● **Your task**: Report the count of lines in the entries below that contain "Andrea", and leave out everything else.

● **Provided information**:
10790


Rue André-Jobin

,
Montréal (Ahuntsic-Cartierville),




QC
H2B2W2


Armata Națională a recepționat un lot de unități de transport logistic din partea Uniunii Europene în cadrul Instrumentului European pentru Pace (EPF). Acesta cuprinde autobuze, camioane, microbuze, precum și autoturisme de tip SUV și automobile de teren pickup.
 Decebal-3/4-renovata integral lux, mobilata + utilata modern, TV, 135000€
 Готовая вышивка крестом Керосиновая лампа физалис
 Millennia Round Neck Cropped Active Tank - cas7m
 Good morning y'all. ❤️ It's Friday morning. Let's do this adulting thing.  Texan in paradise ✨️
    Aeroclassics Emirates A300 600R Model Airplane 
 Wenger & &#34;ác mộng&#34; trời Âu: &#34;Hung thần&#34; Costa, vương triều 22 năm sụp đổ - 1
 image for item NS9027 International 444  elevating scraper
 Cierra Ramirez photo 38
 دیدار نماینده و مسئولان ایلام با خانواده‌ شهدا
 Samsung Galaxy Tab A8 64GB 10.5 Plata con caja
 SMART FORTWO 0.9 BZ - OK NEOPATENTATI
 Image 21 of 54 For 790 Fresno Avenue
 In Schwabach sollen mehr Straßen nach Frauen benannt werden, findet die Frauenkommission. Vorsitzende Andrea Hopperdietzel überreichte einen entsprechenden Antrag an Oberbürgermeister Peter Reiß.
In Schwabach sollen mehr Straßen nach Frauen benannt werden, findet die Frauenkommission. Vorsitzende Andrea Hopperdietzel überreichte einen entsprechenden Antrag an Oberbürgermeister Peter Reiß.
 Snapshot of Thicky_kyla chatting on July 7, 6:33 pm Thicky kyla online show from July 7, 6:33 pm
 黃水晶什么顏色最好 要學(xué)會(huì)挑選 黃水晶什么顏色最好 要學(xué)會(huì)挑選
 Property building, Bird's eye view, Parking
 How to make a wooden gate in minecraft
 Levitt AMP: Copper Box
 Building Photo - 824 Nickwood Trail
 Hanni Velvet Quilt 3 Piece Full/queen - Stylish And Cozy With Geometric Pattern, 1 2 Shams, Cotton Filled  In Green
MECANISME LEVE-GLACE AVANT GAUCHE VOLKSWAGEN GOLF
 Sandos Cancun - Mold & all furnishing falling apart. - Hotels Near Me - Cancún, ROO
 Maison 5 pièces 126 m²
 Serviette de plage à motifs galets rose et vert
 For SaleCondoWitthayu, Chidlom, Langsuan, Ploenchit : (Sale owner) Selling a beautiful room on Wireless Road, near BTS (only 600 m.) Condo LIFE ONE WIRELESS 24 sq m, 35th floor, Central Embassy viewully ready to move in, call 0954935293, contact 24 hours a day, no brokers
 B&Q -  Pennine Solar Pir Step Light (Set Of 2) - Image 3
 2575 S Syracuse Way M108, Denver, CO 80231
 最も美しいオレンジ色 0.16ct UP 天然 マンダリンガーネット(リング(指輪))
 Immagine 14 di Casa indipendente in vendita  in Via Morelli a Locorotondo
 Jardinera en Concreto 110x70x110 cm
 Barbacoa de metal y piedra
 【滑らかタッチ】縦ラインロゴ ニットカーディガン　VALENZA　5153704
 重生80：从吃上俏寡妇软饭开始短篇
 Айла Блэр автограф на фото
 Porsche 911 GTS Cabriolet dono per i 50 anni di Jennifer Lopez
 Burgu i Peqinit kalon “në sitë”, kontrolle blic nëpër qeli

● **Finished task**: 2